17.6.15

O Rio de Janeiro do seu Luiz

Outro dia fui fazer uma matéria, aquela da Girlene e das remoções, que comentei por aqui, e, ao me despedir, um dos entrevistados, o seu Luiz, me pediu para esperar. “Vou te dar um presente.”

Abriu a porta da oficina, correu ligar um botão e de repente não estávamos mais na favela Metrô Mangueira, mas na ponte Rio Niterói, no Joá, em Copacabana, acompanhando os bombeiros resgatarem de helicóptero os turistas desatentos na praia. O fotógrafo, encantado, só dizia. “Tu tem que voltar com vídeo, tem que voltar!”

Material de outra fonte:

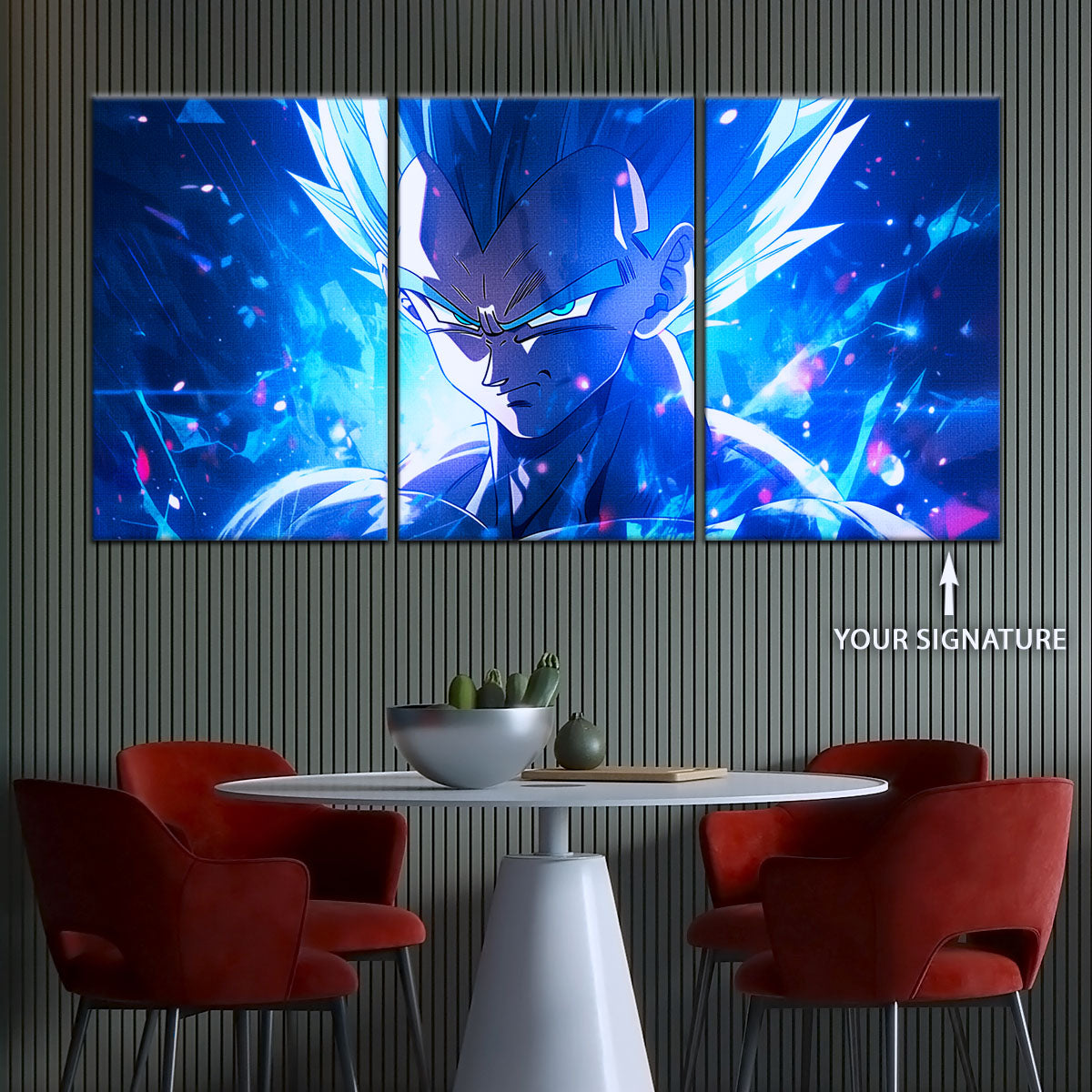 Dragon Ball Super Canvas Wall Art - DR5122 - Super Saiyan Blue Goku
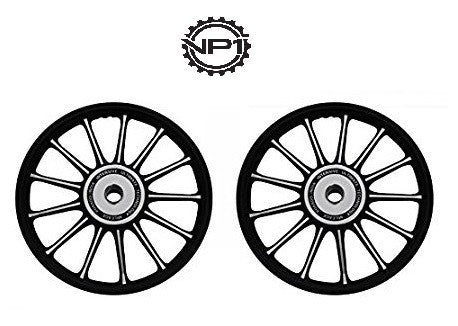 13 Spokes Black and Chrome Alloy Wheels for Royal Enfield Bullet Electra (Set of 2)
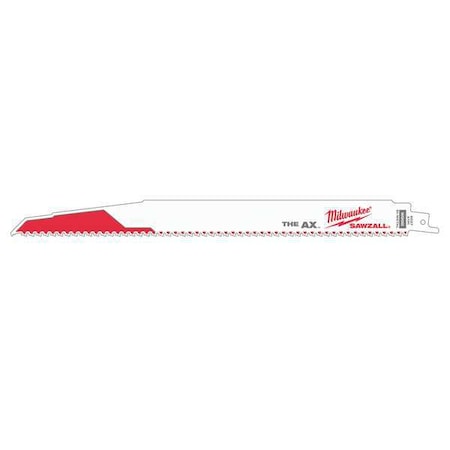 12" L Reciprocating Saw Blade 25 pk. Type 48 00 8027 by USA Milwaukee Reciprocating Power Saw Blades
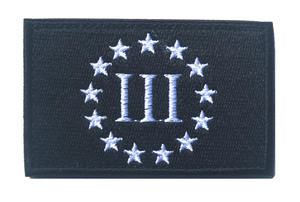 美国国旗铁贴片-<span class=keywords><strong>3</strong></span>% 细蓝线刺绣环保手工钩环帽子紧固件 - Product Image 6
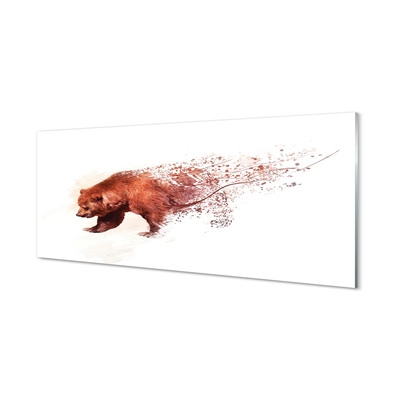 Obraz na skle medveď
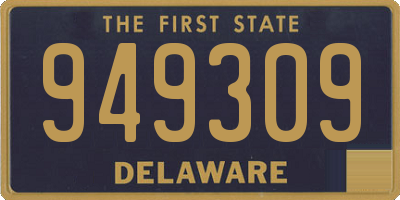 DE license plate 949309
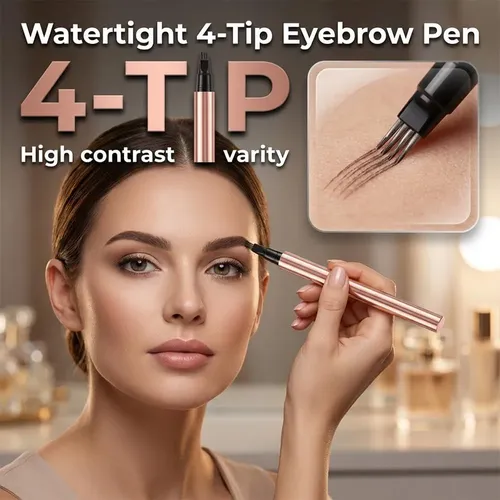 Microblading Eyebrow Pen 4-tip Light Brown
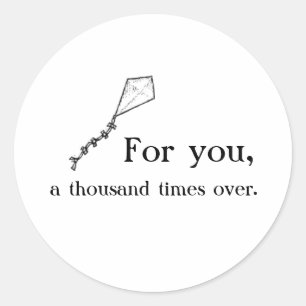 Kite Runner Ronde Sticker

Volta e meia ganho alguma coisa de entrevistados – camiseta, boné, comida -, mas está foi a primeira vez que alguém me deu uma história. Se eu pudesse, nem tinha escrito nada. Só deixava ele aí falando com graça e malemolência do Rio que construiu na garagem entre um ensaio de trompete e um radiador estragado. 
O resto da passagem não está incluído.